Inside, the actual main floor consisting of nave, aisles, choir and altar is elevated, above the ground-level floor housing a fellowship hall. The entrance at the building's western end is flanked on both sides by the cladding of two round staircases. The semicircular flights of stairs lead to the ogival main inner portal, which announces the dominant forms of the interior. The church's west-facing elevation, as a whole, provides an eye-catching flank to the eastern edge of Hohenzollernplatz.

The huge nave consists of 13 arched girders of ferroconcrete, which end as pilasters at the ground. Viewed from the western entrance, the girders give an impression to tapering towards the east. The pointed ogival arch of the girders grants the interior, despite its modernity, a sense of Gothic appeal, somewhat unusual for the rather sober Protestant church architecture of the time. This, combined with the building's sense of volume, earned the church the nickname Powerhouse of God (Kraftwerk Gottes).
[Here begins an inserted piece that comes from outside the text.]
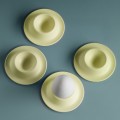 85297_Podstawki pod jajka, kpl. 4 sztuki, żółte EGGY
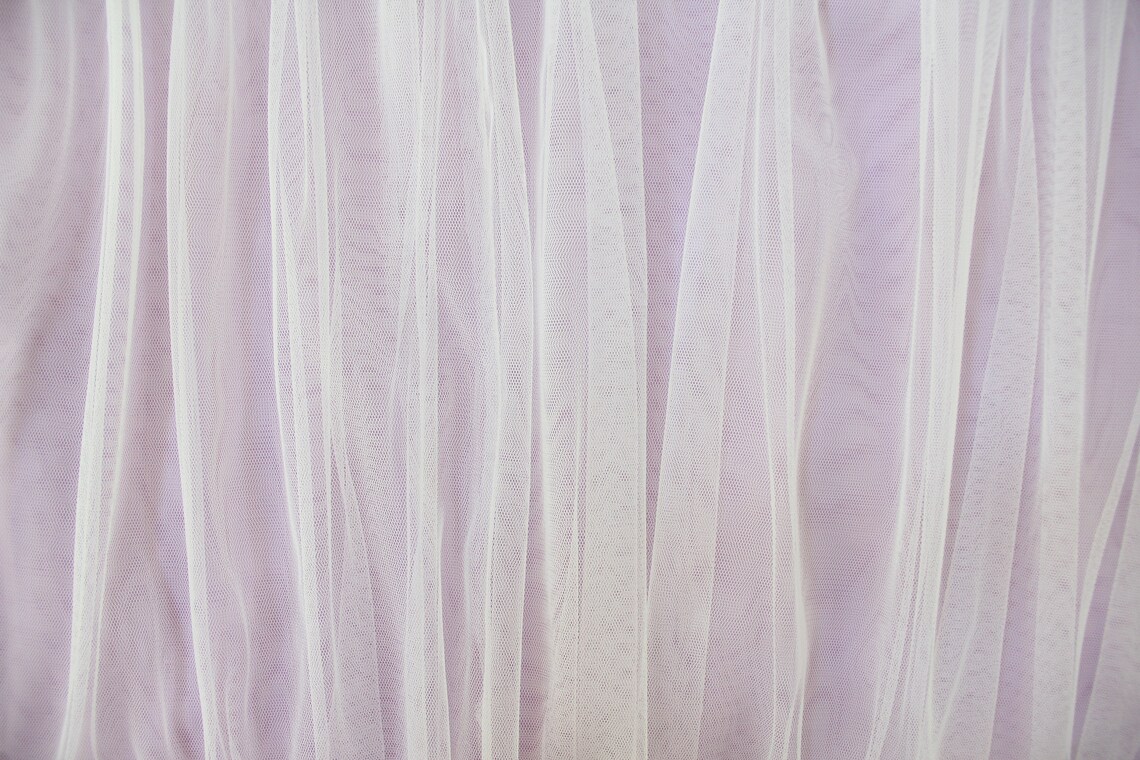 Luxury Sheer Bed Skirt Split Corners Dust Ruffle Etsy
The Allied bombing of Berlin in World War II inflicted severe damage on the church, and on 22 November 1943 it was gutted by fire. Following the war, reconstruction proceeded gradually until completed in 1965. From 1990-91, architect Gerhard Schlotter undertook a further renovation and rebuild, enabling its use as an exhibition space for contemporary art. Schlotter also restored the prayer hall to its original colours used before its destruction.

==Furnishings==
The painter and art professor Hermann Sandkuhl created decorative sgraffiti displaying various figures, situated in the intermediate recessed spaces between the brick pilasters on the building's exterior. All were destroyed in the fire in 1943. The tympanon decoration by Erich Waske adorning the final, somewhat smaller, girder above the oriented quire, depicting the Sermon on the Mount and showing Jesus of Nazareth with a corona of light, was also lost in 1943. The prayer hall is illuminated by three long windows in the quire. The original windows were completely shattered during the bombing of the city. In 1962, Sigmund Hahn designed a new central quire window and during the course of the renovation of 1990/1991 Achim Freyer added colorful new windows to the left and right of the quire. Höger's original Baptismal font of clinker brick, adorned with gold paintings, survived the war intact. Regina Roskoden's abstract basalt sculpture of an angel, graphics by Max Pechstein and a painting of the crucifixion by Hermann Krauth are displayed in a by-room.
Considerable offertories from parishioners enabled the purchase of a new organ of 60 registers, built by E. Kemper & Sohn and installed after 1965, which required the removal of the second western loft gallery of seats.

==Congregation today==
On 1 April 1946 the northern section of the parish of the Wilmersdorf Congregation was constituted as today's Congregation at Hohenzollernplatz (Kirchengemeinde am Hohenzollernplatz), thus becoming the proprietor of the ruined church. Since 1987, the church also houses exhibitions of contemporary art, two of which take place annually. Art plays a significant role among the local congregation, to the extent that services frequently address art in their theme. In 1991, the organ builder Sauer reintonated the Kemper organ, which is regularly used in services as well as in concert performances. Since November 2008, each Saturday at 12.00 midday, the "NoonSong", a 30 minute-long liturgy sung by the professional vocal ensemble Sirventes Berlin, attracts hundreds of listeners.

==Trivia==
The church is nicknamed "God's power station" ("Kraftwerk Gottes") by the Berlin inhabitants due to its appearance.